Proportionality>Writing Linear Equations in the Form y = mx + b from Multiple Representations(TEKS.Math.8.5.I)
Help Questions
Texas 8th Grade Math › Proportionality>Writing Linear Equations in the Form y = mx + b from Multiple Representations(TEKS.Math.8.5.I)
A gym membership costs 50 to join plus 30 per month.
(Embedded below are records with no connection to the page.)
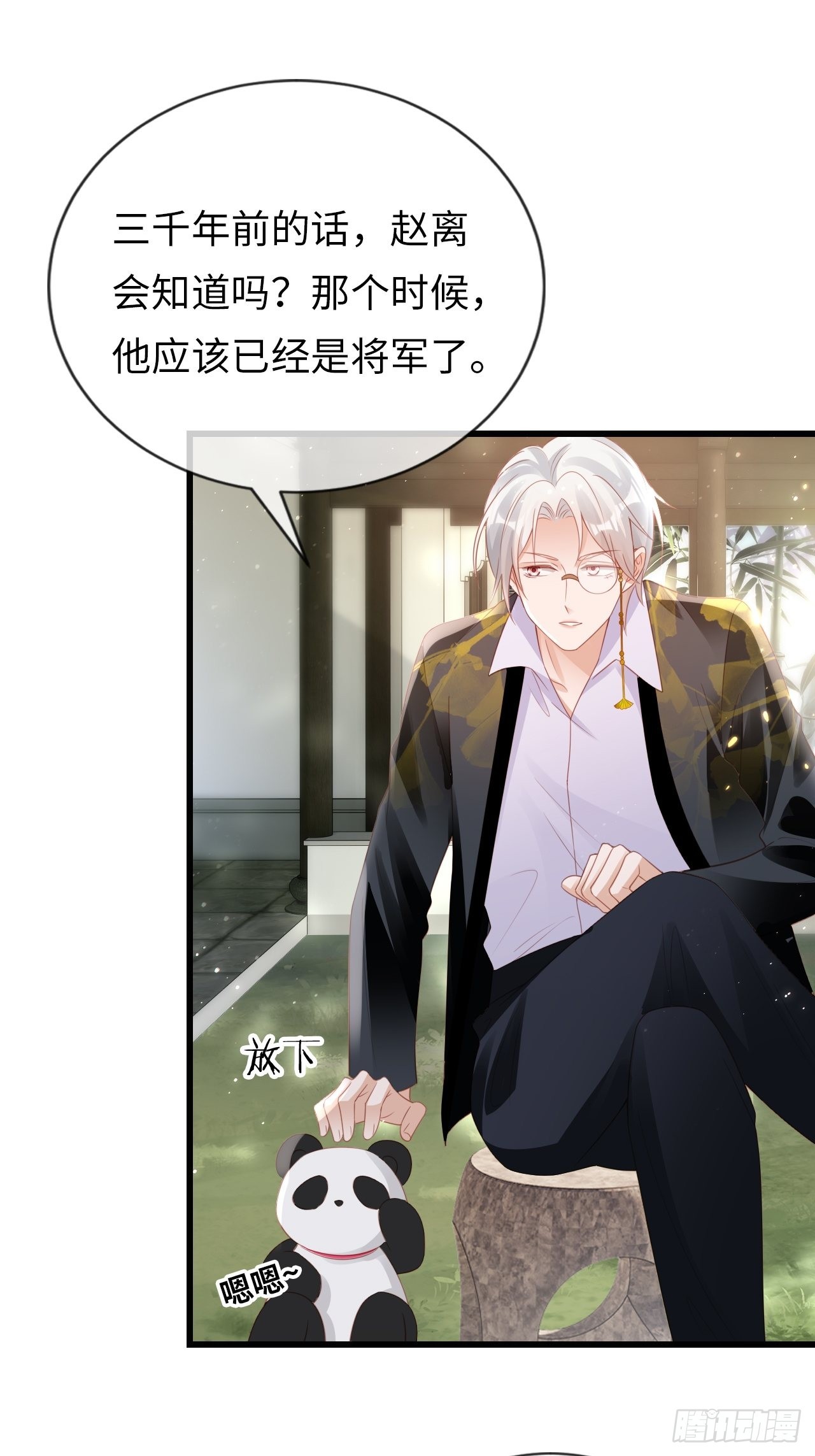 第19话：十三年前的往事13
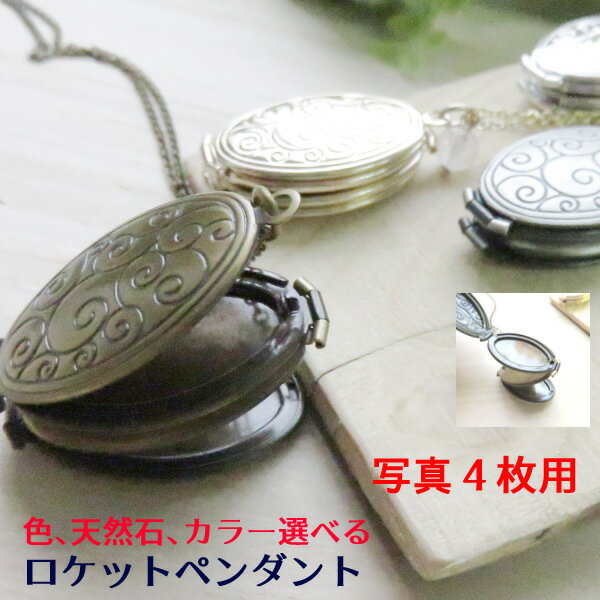 ロケットペンダント4面 レア! ロケット 写真 選べる 色 チェーン 長さ ネックレス 天然石 結婚祝い 出産祝い 結婚記念日 誕生日プレゼント セミオーダー ギフト 女性 贈り物 還暦祝い 長寿祝い 両親 父母 退職祝い 就職祝い お祝い クリスマス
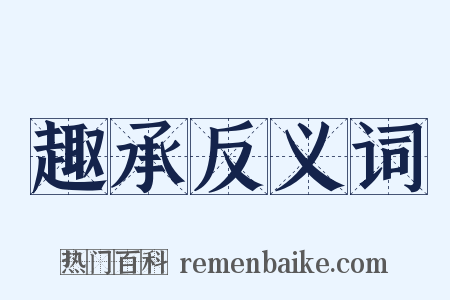 趣承反义词是什么意思的图片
Let $x$ be the number of months and let $y$ be the total cost in dollars.
Which equation in $y=mx+b$ form models this relationship?
$y=50x+30$
$x=30y+50$
$y=30x+50$
$y=30+50x$
Explanation
The rate of change (slope) is the monthly fee, 30 dollars per month, so $m=30$. The starting value (y-intercept) is the one-time joining fee, 50 dollars, so $b=50$. Therefore $y=30x+50$. This connects to the context: $30x$ is the total monthly charges and $50$ is the initial fee.
On a coordinate plane, a line crosses the $y$-axis at $-2$ and passes through the point $(3,4)$.
Which equation in $y=mx+b$ form models this line?
$y=-2x+2$
$y=\tfrac{1}{2}x-2$
$x=2y-2$
$y=2x-2$
Explanation
The y-intercept is $b=-2$. Using $(0,-2)$ and $(3,4)$, the slope is $m=\dfrac{4-(-2)}{3-0}=\dfrac{6}{3}=2$. So the equation is $y=2x-2$. Here $m$ is the rise over run from the graph and $b$ is where the line crosses the $y$-axis.
A linear relationship between two quantities is described by these values: when $x=2$, $y=11$; when $x=5$, $y=20$.
Write an equation in $y=mx+b$ form for this relationship.
$y=2x+7$
$y=3x+5$
$x=3y+5$
$y=3x-5$
Explanation
Find the slope: $m=\dfrac{20-11}{5-2}=\dfrac{9}{3}=3$. Substitute into $y=mx+b$ using $(2,11)$: $11=3(2)+b\Rightarrow 11=6+b\Rightarrow b=5$. So $y=3x+5$. The slope is the rate of change between the pairs, and the intercept is the starting value when $x=0$.